Critical alternative journalism from the perspective of game journalists

Alternative gamejournalism : Is the new watch dog of the gaming industry all bark and no bite?

Print media is struggling and even respected newspapers like New York Times have fallen on hard times recently. When Pulitzer prize winning publications are having trouble generating enough revenue to stay afloat in the internet era, is it any wonder if game journalism is experiencing some growing pains as well? As millennials flock towards social media and public trust in mainstream media plummets, alternative news sources have started to pop up. That applies to game journalism as well, especially after the #gamergate controversy. The advent of streaming and rise of Youtube as a viable income provider have made it possible for individuals without formal education or industry ties to make their living as video game critics and commentators, long as they can amass a large following.

Critical alternative journalism from the perspective of game journalists” analyzes alternative game journalism’s potential for showcasing more honest and critical discourse within the field of game journalism. Patrick Prax and Alejandro Soler from Uppsala University interviewed 11 game journalists, both independent and established, to investigate the potential of alternative game journalism as a more honest and critical alternative of “mainstream video game journalism”. While their study samples a relatively small pool of professionals, their findings shed some light on the issues of game journalism for the uninitiated.

As journalists are ideally viewed as watchdogs of a democratic society who keep the government in check, logically games journalism should scrutinize the game industry with similar vigor. But established (print-media) game journalism is of the service, rather than cultural variety. Service journalism treats readers as customers in need of guidance, its main function is to advice on what games to buy. Cultural journalism differs from that by treating readers as citizens rather than consumers, its role is to offer a critical take on contemporary culture.


Since established game journalism often has a quite symbiotic relationship towards the game industry, as publications depend on the good will of developers and publishers to receive early review copies of games, large publications are disincentivized from engaging in such criticisms of the industry. When a successful game studio closes and the big gaming sites report the matter, the question that fills column space is “What cool projects does the superstar designer want to work on next?”, rather than “What happens to the rest of the team and what kind of industry fires people with such reckless abandon?”.
So can alternative game journalism provide more honest and critical journalism to the gaming public?

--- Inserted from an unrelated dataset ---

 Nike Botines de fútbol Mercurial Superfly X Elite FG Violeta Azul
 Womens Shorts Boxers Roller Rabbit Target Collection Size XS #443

The article argues that participatory journalism has the potential for offering a more critical perspective, but that the same financial realities which limit the integrity of established game journalists bind the independent journalists as well, albeit in a less strict manner. If one engages in game journalism as a hobby, one can write earnest reviews and editorials. But should you want to do it for a living, you need to become popular enough that you are given early access and review copies of games, after which the same conflict of interest which is observed in print media occurs. You can buy the games yourself and review them after release, but that means being late to the race as reviewers who were given review copies could publish their reviews on release date.

The algorithms that dictate the working logic of social media platforms also place certain financial strains on independent journalists. Quantity trumps qulity, as advertisers can only see how many clicks you generate on a daily basis. As countless people battle each other for viewership, many take drastic measures to get their voices heard. This has lead to reviewers adopting angry personas that exaggerate their discomfort with games for comedic value. This can undermine the perceived authenticity of genuine criticisms of the industry.

Besides the economic factors, the potential of independent game journalism is also limited by the mentality of its practitioners: none of the interviewed journalists viewed themselves as such. The independent reviewers think that “journalist” connotes professionalism and a degree in journalism, something that separates the print media from them. But the professional games journalists didn’t have a degree in journalism either. This creates a dilemma: if no one sees themselves as real journalists, no one will act like one either.